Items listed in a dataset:
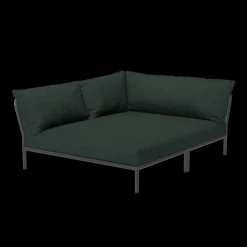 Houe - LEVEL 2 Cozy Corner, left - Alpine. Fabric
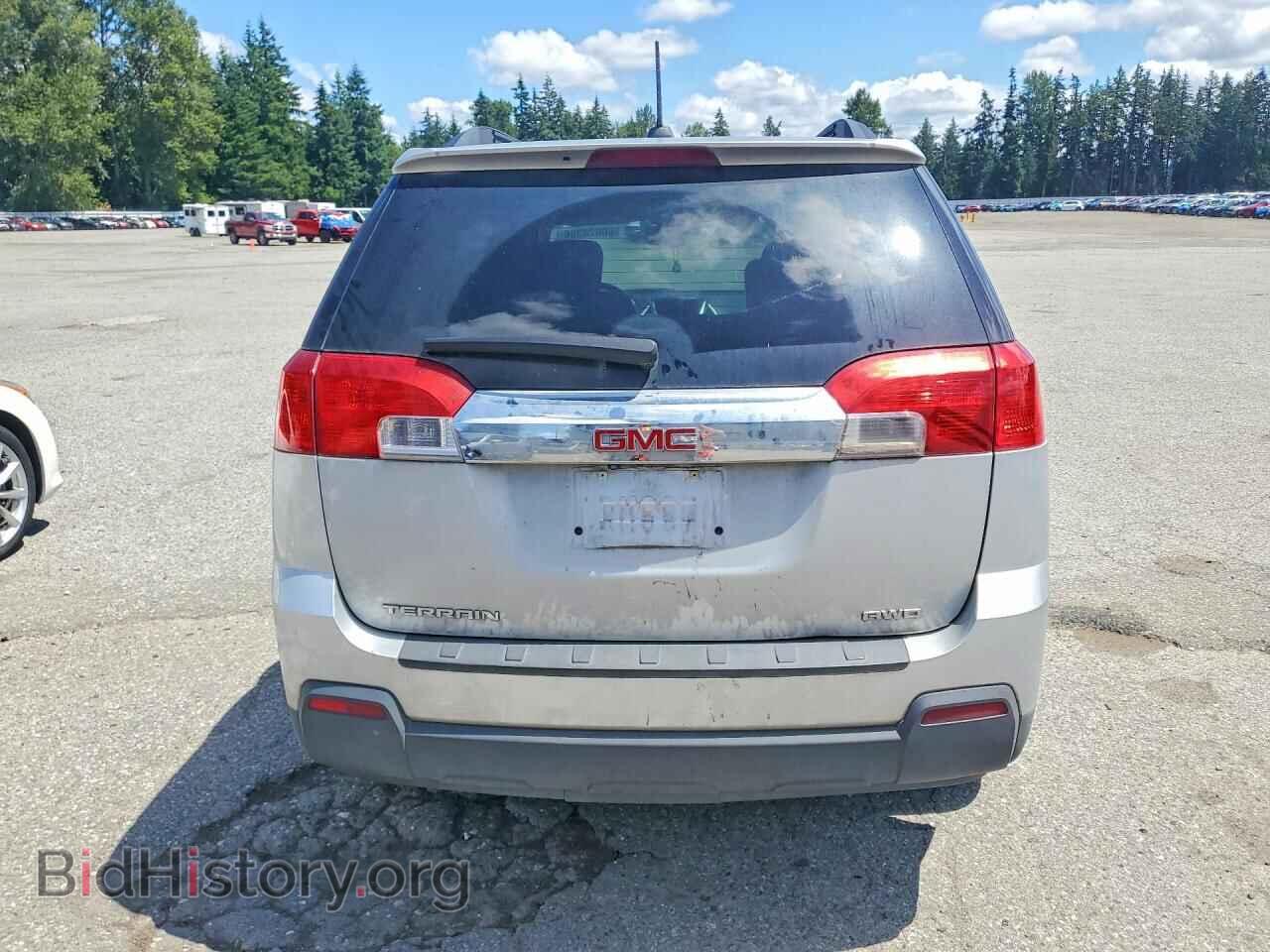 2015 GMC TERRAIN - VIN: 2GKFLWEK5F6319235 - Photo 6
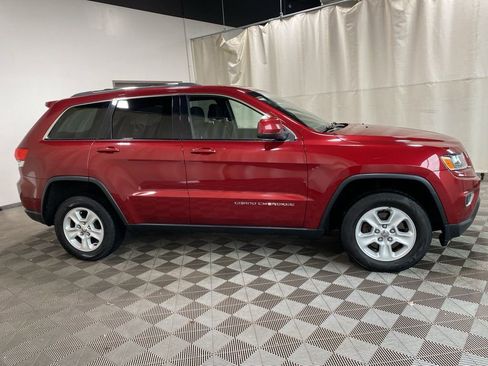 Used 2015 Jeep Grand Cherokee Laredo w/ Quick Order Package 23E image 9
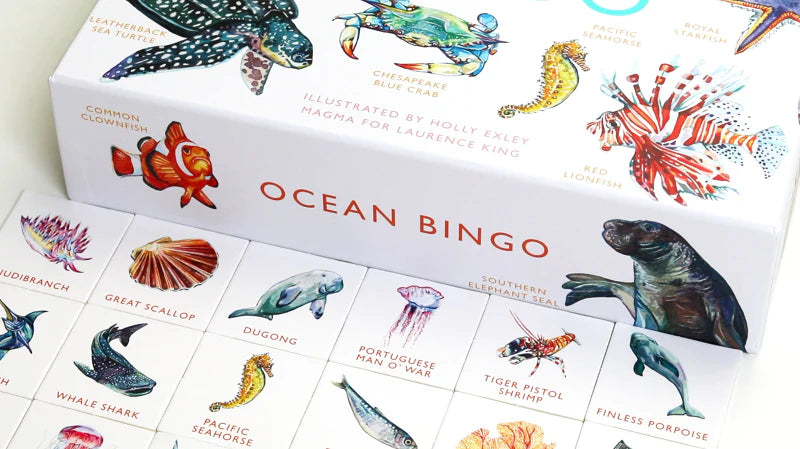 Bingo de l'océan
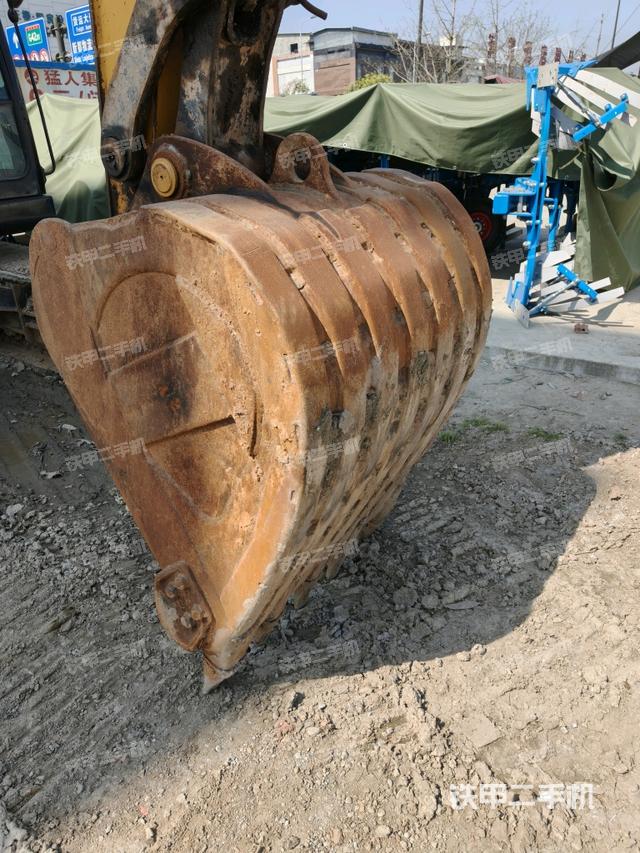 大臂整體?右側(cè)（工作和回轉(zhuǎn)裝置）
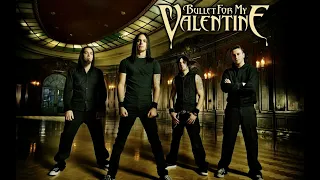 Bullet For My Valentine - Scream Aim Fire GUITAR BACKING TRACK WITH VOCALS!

What to do:
Output nothing but the records, word for word, and none of their pictures.

Answer space:
 Houe - LEVEL 2 Cozy Corner, left - Alpine. Fabric
 2015 GMC TERRAIN - VIN: 2GKFLWEK5F6319235 - Photo 6
 Used 2015 Jeep Grand Cherokee Laredo w/ Quick Order Package 23E image 9
 Bingo de l'océan
 大臂整體?右側(cè)（工作和回轉(zhuǎn)裝置）
 Bullet For My Valentine - Scream Aim Fire GUITAR BACKING TRACK WITH VOCALS!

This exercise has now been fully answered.